### Assumptions in Machine Learning

Every machine learning model has assumptions, indeed, that is the only way we can reasonably learn from data and make assumptions about how what we learn generalizes to the real world. 

The problem is the assumptions/difficulty tradeoff. Simpler models tend to have more naive assumptions (ie, assumptions that are not likely to be true or not likely to generalize), and more complex models (such as neural networks, convolutional networks, and recurrent neural networks) have less assumptions (and therefore, save for overfitting, are more likely to generalize better to the real world), difficult (and expensive) to build, train, and deploy. 

To understand this specifically, lets go through some models and state the assumptions they make. 

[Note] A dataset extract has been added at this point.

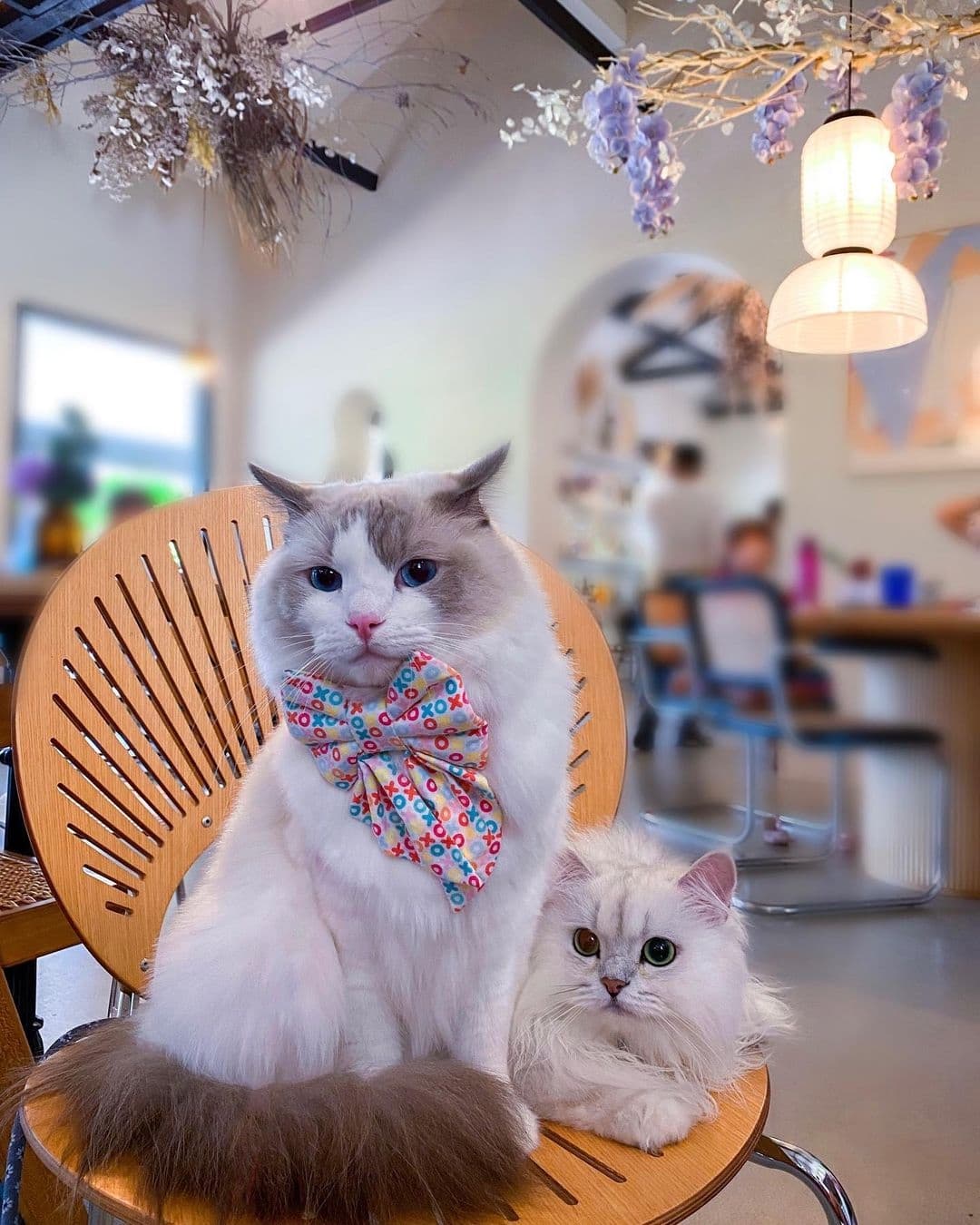 Pawjourr’s Creators: Xoxomeows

### Linear Regression & Logistic Regression

Linear regression assumes that the data can be generated via a linear function, and logistic regression assumes that the data can be linearly separated. 

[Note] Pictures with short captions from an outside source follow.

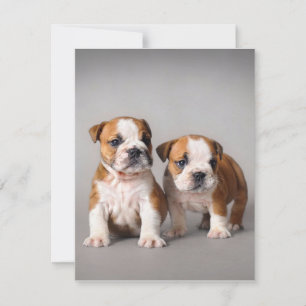 Englische Bulldoggen-Welpen   Paar süße Bulldogge Einladung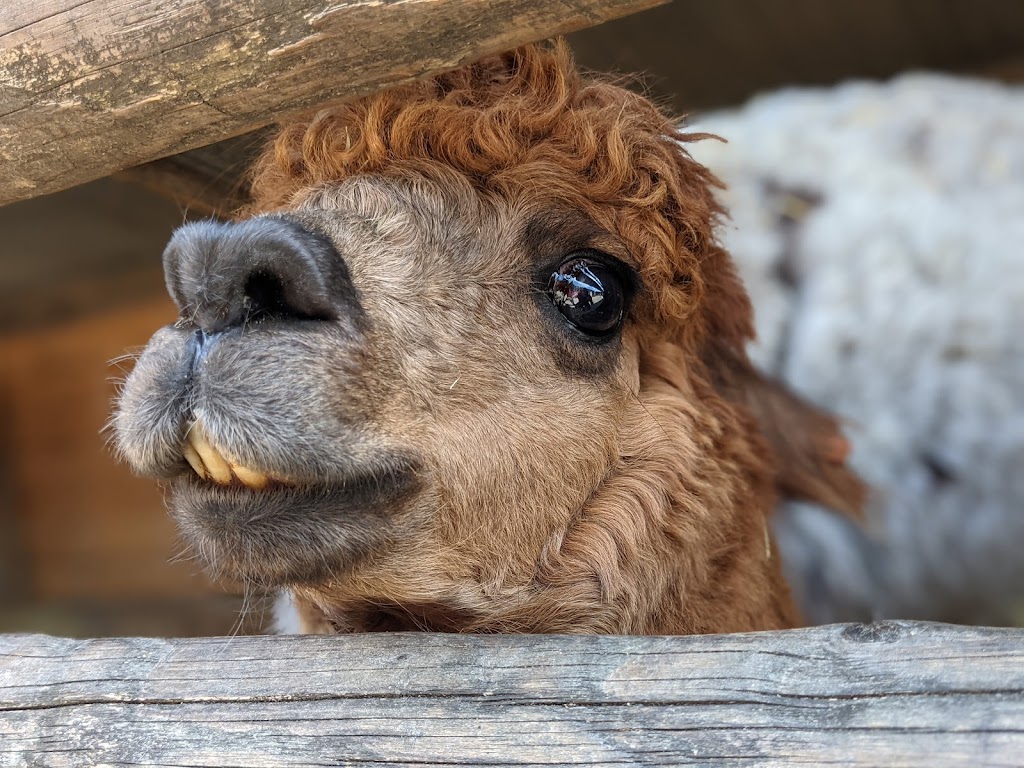 Mead Open Farm - Foto 1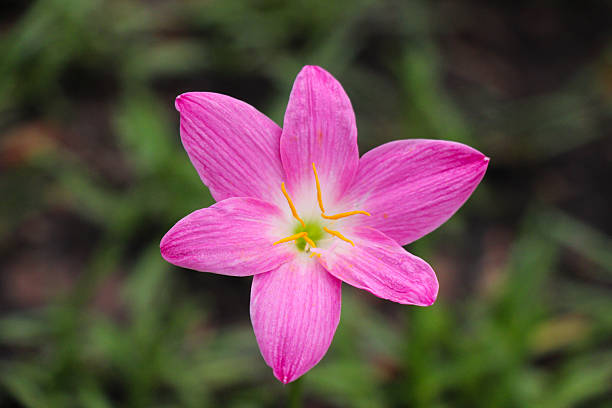 Zephyranthes rosea(pink rain lilly flower) Pink Rain Lilly Flower in Thailand zephyranthes rosea stock pictures, royalty-free photos & images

![lin](http://sebastianraschka.com/images/blog/2014/kernel_pca/linear_vs_nonlinear.png)

Although we may intuitively think that assuming linearity is a very naive assumption, these are two of the most common algorithms used in the industry to make reasonable predictions for the following reasons: 

1. They are relatively easy to train, and don't require expensive & difficult research to optimize
2. They have well known theoretical gaurantees and have been shown to work well in practice for decades
3. Domain expertise can be applied to make sense of what has been learned
4. The assumptions often turn out to be mostly true, and the tradeoff we have to make to get the edge cases classified correctly aren't worth the extra work.

### Naive Bayes Classifier

Bayes Rule states that for a latent variable and an evidence variable, the posterior distribution of the latent variable is equivalent to the prior probability of the latent variable times the likelihood of the evidence given the latent variable, divided by a constant (the probability of observing the evidence). 

Specifically:

$$ p(y_i | x) = \frac{p(y_i) p(x | y_i)}{p(x)} = \frac{p(x, y_i)}{\sum_i p(x, y_i)} $$

Using the rules of probability, we can write the joint distribution as a conditional:

$$ p(x, y_i) = p(x_1 | x_2, ... x_n, y_i) * p(x_2 | x_3, ... x_n, y_i) $$

Here is where the assumption comes into play: since we can't really compute these conditional probabilities, we just define: 

$$ p(x_1 | x_2, ... x_n, y_i) = p(x_1 | y_i) $$

This assumption means that each feature in our training set is entirely dependent upon the label that it is given, and is completely independent of every other feature, given the class label.

We cal also set $ p(x_1 | y_i) $ to take on whatever probability distribution we want to (such as the Gaussian); doing this is also another assumption in our model. 

### Neural Networks
- They also assume that the data are conditionally indpendent of each other. 


We have used Neural Networks and Convolutional Neural Netoworks to remove the assumptions of linearity in our data (and for convolutional neural networks, the assumption of spatial variance being important). Now we will use Recurrent Neural Networks to remove the assumption of independence (to an extent). 

Aside: A much simpler model (that doesn't work as well, but still has produced good results) that removes this independence assumption are Hidden Markov Models.



### An Introduction to Recurrent Neural Networks in Tensorflow

Recurrent Neural Networks are models that are able to model relationships between data where each input is not  independent of the previous inputs. 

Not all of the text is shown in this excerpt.